И все же за всеми нечеловеческими реалиями лагерного быта выступают человеческие черты. Они проявляются в ха­рактере Ивана Денисовича, в монументальной фигуре брига­дира Андрея Прокофьевича, в отчаянной непокорности кавторанга Буйновского, в неразлучности «братьев -эстон­цев, в эпизодическом образе старика- интеллигента, отбываю­щего третий срок и тем не менее не желающего отказываться от приличных человеческих манер.

Что удивительно, барством не веет от конвоя, от начальства, но шибает от Цезаря, хоть он в бараке такой же арестант, как и Иван Денисович. Шухов же притягивается именно к Цезарю как магнитом; как магнитом притягивает во тьме кромешной барака мужика к барину. Между двумя этими людьми, этими атомами есть такая вот притягательная сила даже в бараке, потому что Цезарю «разрешили» носить чистую городскую шапку, а потому барин так важен становится мужику, что только через барина может просыпаться и ему крошка табач­ку: манит запрещенное, манит та действительная явная свобо­да, воля, которая в самом есть только как тайное действие.

Цезарь делает то, на что Иван Денисович, работяга, не спо­собен уже нравственно: Цезарь устроил себе и в бараке полу- барскую жизнь тем, что «смог подмазать начальству», а еще потому, что вовсе-то не постыдился взять в услужение себе по­добных, поставить себя во всех смыслах выше таких же, как сам, собригадников — выше шуховых. А на каком основании? А на том, даже внешнем, что ему «не о чем было с ними гово­рить», что он с ними общих не имел мыслей и прочее, скажем, об искусстве. Из всех Цезарь близок только с кавторангом, ос­тальные — не ровня, и если даст он Ивану Денисовичу окуро- чек, то за службу, а не по душе.

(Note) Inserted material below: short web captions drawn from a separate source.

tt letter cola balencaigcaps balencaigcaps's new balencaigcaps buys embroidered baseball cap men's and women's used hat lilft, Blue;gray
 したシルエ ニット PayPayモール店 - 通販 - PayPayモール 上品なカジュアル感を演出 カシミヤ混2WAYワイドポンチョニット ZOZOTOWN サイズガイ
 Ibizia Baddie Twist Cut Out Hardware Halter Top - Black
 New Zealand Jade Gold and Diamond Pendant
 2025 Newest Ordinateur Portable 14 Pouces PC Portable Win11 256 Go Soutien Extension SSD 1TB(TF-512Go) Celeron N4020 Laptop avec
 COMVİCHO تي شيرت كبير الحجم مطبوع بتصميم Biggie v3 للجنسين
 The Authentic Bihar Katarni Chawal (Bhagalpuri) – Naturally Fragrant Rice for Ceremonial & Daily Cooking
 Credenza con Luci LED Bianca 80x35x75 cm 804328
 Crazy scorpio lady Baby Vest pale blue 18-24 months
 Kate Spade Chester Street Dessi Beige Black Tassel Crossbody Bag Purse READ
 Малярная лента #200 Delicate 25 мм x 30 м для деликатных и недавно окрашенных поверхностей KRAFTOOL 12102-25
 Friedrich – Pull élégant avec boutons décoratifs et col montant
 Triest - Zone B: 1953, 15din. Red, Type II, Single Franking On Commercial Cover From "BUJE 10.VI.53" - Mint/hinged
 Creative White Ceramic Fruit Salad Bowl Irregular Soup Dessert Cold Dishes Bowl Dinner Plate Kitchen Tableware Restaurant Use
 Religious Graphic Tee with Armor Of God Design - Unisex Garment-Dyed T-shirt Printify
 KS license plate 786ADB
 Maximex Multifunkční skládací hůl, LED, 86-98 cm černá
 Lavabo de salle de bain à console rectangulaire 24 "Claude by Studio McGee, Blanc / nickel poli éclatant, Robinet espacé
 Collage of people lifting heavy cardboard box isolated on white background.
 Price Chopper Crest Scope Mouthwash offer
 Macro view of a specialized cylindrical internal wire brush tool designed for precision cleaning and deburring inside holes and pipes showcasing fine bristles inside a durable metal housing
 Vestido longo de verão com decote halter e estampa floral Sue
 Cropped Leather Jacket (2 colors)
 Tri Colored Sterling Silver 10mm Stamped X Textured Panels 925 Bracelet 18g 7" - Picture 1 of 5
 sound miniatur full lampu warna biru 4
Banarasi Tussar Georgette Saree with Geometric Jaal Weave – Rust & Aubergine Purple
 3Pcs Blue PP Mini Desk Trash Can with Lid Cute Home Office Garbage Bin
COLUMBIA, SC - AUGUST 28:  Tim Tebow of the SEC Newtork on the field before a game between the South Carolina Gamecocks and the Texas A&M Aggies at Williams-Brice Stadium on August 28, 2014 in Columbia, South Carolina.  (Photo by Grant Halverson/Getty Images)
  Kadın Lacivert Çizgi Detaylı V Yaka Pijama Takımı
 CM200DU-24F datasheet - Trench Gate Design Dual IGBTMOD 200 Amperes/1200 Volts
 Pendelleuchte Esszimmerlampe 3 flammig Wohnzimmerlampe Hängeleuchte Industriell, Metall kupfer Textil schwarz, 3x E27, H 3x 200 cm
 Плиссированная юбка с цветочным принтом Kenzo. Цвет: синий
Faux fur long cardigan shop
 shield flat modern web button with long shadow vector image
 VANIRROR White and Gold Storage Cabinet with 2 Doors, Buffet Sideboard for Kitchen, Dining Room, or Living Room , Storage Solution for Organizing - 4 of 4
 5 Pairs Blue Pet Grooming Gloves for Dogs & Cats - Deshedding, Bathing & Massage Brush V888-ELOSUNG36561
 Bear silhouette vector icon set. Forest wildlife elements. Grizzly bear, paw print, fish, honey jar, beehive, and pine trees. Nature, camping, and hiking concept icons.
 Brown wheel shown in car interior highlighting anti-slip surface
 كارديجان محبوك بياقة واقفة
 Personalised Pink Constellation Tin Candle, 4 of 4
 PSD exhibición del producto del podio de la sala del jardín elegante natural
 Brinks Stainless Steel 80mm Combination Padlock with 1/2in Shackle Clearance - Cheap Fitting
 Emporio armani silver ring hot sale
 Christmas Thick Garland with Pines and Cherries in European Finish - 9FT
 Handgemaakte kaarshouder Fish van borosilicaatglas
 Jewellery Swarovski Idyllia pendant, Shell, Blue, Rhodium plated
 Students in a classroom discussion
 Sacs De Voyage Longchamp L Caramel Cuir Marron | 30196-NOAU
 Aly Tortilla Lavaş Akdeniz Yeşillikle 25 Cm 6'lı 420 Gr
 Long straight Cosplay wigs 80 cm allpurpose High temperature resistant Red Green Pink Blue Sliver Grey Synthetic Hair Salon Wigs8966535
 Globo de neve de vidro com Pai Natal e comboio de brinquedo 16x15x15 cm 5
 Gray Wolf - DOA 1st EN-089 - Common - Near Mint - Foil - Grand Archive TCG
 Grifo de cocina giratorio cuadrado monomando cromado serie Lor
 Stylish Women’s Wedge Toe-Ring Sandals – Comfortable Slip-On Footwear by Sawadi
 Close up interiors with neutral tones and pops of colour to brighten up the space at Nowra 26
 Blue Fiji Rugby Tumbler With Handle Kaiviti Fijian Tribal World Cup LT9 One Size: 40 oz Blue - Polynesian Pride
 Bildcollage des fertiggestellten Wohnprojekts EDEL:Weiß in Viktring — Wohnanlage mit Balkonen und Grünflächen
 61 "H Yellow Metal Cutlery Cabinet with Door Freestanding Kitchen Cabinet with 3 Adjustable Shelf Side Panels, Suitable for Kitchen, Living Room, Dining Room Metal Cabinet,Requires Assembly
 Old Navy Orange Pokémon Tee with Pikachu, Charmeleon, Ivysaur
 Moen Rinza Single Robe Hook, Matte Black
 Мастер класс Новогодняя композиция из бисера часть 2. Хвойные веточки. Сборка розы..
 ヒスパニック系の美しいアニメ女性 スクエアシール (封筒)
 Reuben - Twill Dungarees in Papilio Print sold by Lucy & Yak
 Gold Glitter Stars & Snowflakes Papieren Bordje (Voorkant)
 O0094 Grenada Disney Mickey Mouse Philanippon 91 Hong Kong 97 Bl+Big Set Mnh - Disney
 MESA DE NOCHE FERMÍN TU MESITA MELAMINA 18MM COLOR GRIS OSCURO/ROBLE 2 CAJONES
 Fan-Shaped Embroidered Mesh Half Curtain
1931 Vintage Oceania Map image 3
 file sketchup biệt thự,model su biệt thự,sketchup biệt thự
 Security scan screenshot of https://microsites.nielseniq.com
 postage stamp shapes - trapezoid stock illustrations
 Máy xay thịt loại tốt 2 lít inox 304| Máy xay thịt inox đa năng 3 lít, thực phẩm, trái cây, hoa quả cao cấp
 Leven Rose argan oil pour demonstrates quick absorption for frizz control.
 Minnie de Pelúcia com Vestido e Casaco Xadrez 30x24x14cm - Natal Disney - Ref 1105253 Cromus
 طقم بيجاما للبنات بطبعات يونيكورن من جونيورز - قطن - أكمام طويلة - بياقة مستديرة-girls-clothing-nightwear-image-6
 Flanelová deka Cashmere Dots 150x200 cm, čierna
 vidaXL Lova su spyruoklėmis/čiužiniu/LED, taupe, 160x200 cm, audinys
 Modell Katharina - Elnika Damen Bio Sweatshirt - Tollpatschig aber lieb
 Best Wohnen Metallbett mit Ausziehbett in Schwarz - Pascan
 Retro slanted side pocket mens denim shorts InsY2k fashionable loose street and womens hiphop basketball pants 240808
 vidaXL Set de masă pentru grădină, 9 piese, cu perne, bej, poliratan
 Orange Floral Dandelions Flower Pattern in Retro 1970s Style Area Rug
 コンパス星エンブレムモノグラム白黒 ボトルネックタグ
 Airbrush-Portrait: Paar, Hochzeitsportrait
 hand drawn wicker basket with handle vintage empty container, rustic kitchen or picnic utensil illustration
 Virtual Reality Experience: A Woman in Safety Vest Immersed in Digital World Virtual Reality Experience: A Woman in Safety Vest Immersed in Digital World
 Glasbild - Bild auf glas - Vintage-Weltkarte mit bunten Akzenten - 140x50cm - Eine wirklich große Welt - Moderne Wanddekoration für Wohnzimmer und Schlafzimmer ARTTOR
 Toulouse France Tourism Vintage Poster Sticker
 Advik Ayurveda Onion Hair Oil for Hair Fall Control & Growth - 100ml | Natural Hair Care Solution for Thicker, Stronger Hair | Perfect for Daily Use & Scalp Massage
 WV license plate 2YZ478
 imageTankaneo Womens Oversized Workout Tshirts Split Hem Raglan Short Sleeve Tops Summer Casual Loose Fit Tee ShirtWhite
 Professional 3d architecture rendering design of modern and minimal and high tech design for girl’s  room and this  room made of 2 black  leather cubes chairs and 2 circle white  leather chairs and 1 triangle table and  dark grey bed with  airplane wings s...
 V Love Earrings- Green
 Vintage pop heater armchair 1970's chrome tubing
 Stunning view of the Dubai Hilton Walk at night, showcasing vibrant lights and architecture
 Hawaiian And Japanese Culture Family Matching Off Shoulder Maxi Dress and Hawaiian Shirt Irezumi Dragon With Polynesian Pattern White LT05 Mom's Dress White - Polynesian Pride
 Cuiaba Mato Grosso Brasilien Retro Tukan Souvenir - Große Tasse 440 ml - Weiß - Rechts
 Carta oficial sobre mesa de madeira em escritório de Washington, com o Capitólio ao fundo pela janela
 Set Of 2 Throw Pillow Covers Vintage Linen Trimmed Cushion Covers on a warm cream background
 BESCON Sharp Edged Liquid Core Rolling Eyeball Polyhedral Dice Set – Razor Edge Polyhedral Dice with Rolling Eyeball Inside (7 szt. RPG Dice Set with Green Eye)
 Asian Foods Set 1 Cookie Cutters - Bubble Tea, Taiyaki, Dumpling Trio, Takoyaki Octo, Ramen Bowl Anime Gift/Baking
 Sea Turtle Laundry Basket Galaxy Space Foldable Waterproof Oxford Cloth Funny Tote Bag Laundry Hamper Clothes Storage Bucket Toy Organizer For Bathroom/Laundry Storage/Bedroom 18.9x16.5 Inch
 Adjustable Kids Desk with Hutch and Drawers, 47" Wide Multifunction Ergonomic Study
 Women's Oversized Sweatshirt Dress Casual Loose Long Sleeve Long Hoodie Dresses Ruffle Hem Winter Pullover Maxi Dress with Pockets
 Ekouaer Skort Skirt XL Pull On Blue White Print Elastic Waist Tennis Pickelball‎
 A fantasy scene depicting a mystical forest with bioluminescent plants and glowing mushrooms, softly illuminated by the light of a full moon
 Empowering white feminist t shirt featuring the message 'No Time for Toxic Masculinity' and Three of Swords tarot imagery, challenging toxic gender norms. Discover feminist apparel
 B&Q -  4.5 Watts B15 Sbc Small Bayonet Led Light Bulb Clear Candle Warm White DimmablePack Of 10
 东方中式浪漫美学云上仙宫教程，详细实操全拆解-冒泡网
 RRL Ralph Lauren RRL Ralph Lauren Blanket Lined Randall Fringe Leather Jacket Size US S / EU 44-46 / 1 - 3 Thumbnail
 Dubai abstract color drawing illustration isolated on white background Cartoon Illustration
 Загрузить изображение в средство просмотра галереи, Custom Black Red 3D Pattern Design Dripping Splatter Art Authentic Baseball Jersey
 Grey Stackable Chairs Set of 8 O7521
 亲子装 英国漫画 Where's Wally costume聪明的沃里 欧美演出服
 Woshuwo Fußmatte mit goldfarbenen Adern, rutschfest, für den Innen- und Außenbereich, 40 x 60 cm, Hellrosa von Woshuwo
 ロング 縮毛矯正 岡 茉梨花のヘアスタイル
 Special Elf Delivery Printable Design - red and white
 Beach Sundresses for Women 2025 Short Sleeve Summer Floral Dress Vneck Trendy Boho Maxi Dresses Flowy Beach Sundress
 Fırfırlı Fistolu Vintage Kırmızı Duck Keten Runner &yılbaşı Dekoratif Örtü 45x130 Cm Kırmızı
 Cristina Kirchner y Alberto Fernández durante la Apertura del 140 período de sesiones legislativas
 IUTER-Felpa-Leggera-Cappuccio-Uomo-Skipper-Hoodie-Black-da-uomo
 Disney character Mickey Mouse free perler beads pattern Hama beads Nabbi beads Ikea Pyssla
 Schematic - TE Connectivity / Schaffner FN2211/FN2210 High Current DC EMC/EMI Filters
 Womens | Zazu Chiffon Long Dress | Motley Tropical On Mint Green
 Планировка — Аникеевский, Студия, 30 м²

Где находит успокоение, согласие духовное с миром глав­ный русский человек, где ж его «счастливый день»? А что, если на другой раз не обманет Иван Денисович вертухая, про­нося что-то запретное на зону? Круги расходятся и расходятся — не даром замысливал Достоевский «Житие великого греш­ника» , потому что никогда в судьбе русского человека первым кругом ничего не кончалось, а скорее даже, что наоборот — первый круг только давал разгона рокового судьбе. «Красное колесо» должно было провести нас всеми этими кругами, но круги расплылись дальше и дальше; стоило одолеть один круг истории, как трещали узлы и возникал на горизонте тот, что и не предполагался, — колесо не катилось, а охватывало обру­чем своего рокового бесконечного кольца.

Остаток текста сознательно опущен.